I did much yesterday morning, as I do most mornings, and one of those things was to go out to Forest Hills Cemetery on the Orange Line. I'd gone to bed at nine the night before, and arose on Sunday at 2:30--the kind of early start I like.
I hadn't been to Forest Hills in some time, though it's a place I have visited regularly over many years now. Like Mt. Auburn Cemetery in Cambridge, it's a place for walking, being out in nature, birding, being present. You're not strolling around some place of the interred dead, so much as you are spending time in a setting that invites contemplation as to life. I find it helpful and good for the soul, and my next moves in all of that in which I'm dealing with and embroiled. I regather, and I find energy here. It is essential, in my view--especially in my situation--to always be acquiring energy.
The cemetery, which was established in 1848, consists of 275 acres. E.E. Cummings is buried here, but I admit that I don't know where, as of yet. Not where I tend to walk, it seems.
I read many of the headstones, and I always make a point of visiting one I first became aware of more than twenty years ago, which gives an idea how long I've been going to this spot. That would be the marker for Mary May, wife of Samuel, who lived to be ninety-five, at a time when hardly anyone did. If you look closely at the bottom, you'll see the quote, "She hath done what she could," which I love.

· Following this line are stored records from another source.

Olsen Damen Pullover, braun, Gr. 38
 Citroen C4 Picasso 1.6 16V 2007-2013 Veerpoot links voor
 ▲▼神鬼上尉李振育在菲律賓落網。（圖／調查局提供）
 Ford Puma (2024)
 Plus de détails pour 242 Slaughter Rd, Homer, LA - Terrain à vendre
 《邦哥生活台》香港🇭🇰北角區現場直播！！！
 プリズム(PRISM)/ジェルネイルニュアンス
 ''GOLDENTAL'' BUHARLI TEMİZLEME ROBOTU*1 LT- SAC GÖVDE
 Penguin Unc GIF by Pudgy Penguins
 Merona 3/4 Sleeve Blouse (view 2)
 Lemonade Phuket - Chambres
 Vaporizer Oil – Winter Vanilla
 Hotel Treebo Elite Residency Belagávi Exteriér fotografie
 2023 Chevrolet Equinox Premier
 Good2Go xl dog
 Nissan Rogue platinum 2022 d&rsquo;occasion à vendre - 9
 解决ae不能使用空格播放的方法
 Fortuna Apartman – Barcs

What more needs to be said? What more can be asked of any of us? And what could be better said about any of us if we truly did what we could? But how many ever do?
There are stories everywhere in a place like this. There are stories all around us, of course, but here the stories are suggested in words. Consider, for example, the very young married couple, and how early she left this world. What happened? When were they first married? Then he went on living and it would seem like he went on living alone, for twenty-five years. "DIVIDED BUT FOR A TIME."